What apple is best for homemade cider? ›

For sweeter cider, try Gala, Fuji, Cortland, Golden Delicious, or Red Delicious varieties; for a more acidic ghostwriter seminararbeit, tart flavor, go with Pink Lady, Braeburn, Jonathan, or McIntosh. A blend of apples from both the sweet and tart flavor families is sure to be a hit!

What is the best dry yeast for apple cider? ›

Nottingham Ale Yeast is our personal favorite option for new cider makers and even for many experienced cider makers. Nottingham is a dry English ale yeast, making it inexpensive and easy to purchase online. With an alcohol tolerance of about 14%, it can handle any low to medium-high alcohol cider.

What is the best yeast for mead and cider? ›

Lalvin D-47

This white wine yeast is the primary choice for many mead makers. It ferments at a moderate to fast pace with little foaming and is good for medium to dry meads. It tends to accentuate the honey characteristics so it is a good choice for traditional varietal mead.

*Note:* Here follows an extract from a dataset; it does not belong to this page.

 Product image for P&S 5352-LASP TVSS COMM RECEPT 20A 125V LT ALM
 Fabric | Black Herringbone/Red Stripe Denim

What is the best yeast for homemade alcohol? ›

Out of the nine distiller's strains available from Ferm Solutions, we probably use the FermPro 927 (FP927) the most. This strain has excellent temperature tolerance and can ferment to completion in as little as two days, producing an award-winning distillate. 921, 917, 900, 048 and FP1 are also excellent choices.

Can you use active dry yeast to make cider? ›

Once your fermentation equipment has dried, use a funnel to pour your apple juice into a carboy fermenter and sprinkle in the dry active yeast. The type of apple juice you use matters. The more apple varieties that are in the juice, the more complex your apple cider will taste.

Top Articles
Latest Posts
Article information

Author: Twana Towne Ret

Last Updated:

Views: 5934

Rating: 4.3 / 5 (64 voted)

Reviews: 87% of readers found this page helpful

Author information

Name: Twana Towne Ret

Birthday: 1994-03-19

Address: Apt. 990 97439 Corwin Motorway, Port Eliseoburgh, NM 99144-2618

Phone: +5958753152963

Job: National Specialist

Hobby: Kayaking, Photography, Skydiving, Embroidery, Leather crafting, Orienteering, Cooking

Introduction: My name is Twana Towne Ret, I am a famous, talented, joyous, perfect, powerful, inquisitive, lovely person who loves writing and wants to share my knowledge and understanding with you.